** Opening Dataset block **

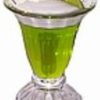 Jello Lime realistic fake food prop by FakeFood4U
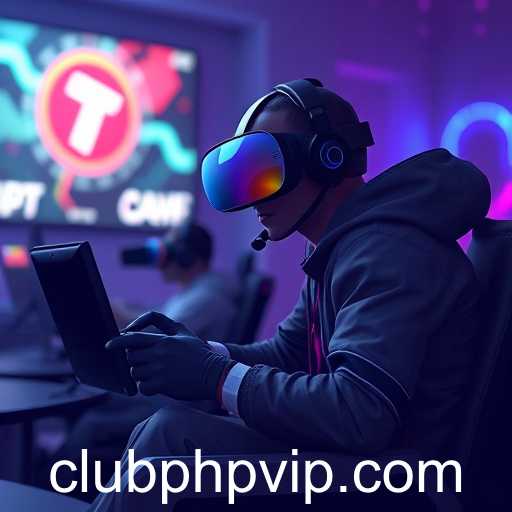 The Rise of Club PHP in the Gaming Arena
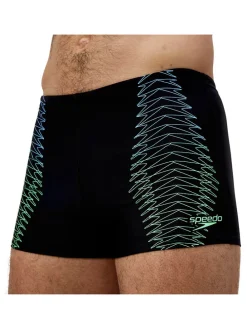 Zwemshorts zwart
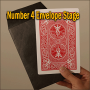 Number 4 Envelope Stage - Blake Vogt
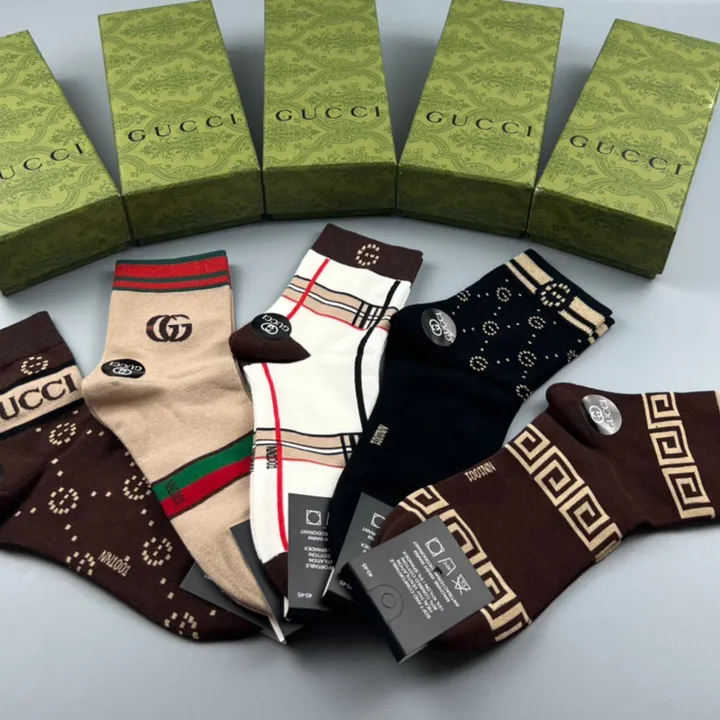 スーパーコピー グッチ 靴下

** Closing Dataset block **

(What you have to do): Type out the data above once more, exactly, with no images included.

(Exercise result):
 Jello Lime realistic fake food prop by FakeFood4U
 The Rise of Club PHP in the Gaming Arena
 Zwemshorts zwart
 Number 4 Envelope Stage - Blake Vogt
 スーパーコピー グッチ 靴下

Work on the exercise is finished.